Tobias Blanke
Department ofDigital Humanities
Kings College London
United Kingdom
Biography
"Tobias is a Reader in Social and Cultural Informatics in the Department of Digital Humanities and director of the European Digital Research Infrastructure for the Arts and Humanities (DARIAH). He leads and manages large international interdisciplinary research initiatives and teaches at both undergraduate and postgraduate levels. Currently, he works on the development of novel teaching approaches in digital methods and big data to understand culture and society. Tobias is engaged in a broad portfolio of research spanning big data and its implications for culture and society, the study and science of data, information and knowledge practices and new environments to study cultural and society. He has been heavily involved with research collaborations with other disciplines within King’s and internationally. Tobias has a mixed academic background both in philosophy and computer science, with a PhD from the Free University of Berlin on the concept of evil and a PhD from the University of Glasgow in Computing Science on the theoretical evaluation of XML retrieval using Situation Theory. He has authored numerous papers as well as books in a range of fields on the intersection of cultural and social research and computer science. His work has won several prizes at major international conferences including best paper awards. In 2012, he was a Visiting Professor at the Göttingen Centre for Digital Humanities. Prior to joining King’s in 2007, Tobias worked at Credit Suisse in the city of London as a lead analyst and developer in a data warehouse, at Free University Berlin and several smaller media companies in Berlin. Since joining academia, Tobias has taken leadership roles in multi-disciplinary research projects in excess of £4M worth of funding for King’s College London, coming from the European Commission, EPSRC, JISC, the Germany Ministry of Research and Education and the AHRC."
Research Interest
"Tobias has played a leading role on several multi-disciplinary research projects. His interests are social and cultural informatics, dedicated to the critical understanding of the digital transformation of culture and society and the key role of information in it. Social and cultural informatics theorise this role and develops the digital methods and devices that support this study.

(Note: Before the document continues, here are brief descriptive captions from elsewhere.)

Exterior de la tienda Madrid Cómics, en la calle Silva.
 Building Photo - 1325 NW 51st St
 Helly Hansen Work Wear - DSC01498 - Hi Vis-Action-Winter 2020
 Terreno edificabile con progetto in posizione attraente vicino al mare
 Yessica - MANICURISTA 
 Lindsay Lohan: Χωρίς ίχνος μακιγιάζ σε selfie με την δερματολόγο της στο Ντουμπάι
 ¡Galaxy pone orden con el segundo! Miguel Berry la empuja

Tobias works with a research team trying to teach computers to understand expressions of culture and society; a long-term goal which we are still far away from. Recently completed research includes work on open digital methods, social and cultural analytics, virtual research environments, graph databases, semantically enriched and intelligent digital content and the limitations of text analytics for historical corpora. Tobias has just published a new book The Digital Asset Ecosystem offering a new perspective on the collaboration between humans and computers in global digital workflows and socio-technical assemblages of humans and computers (crowds and clouds). Sage’s Big Data and Society have done a Bookcast about the book. Tobias welcomes the opportunity to supervise PhD students who want to pursue projects that relate to his broad interests."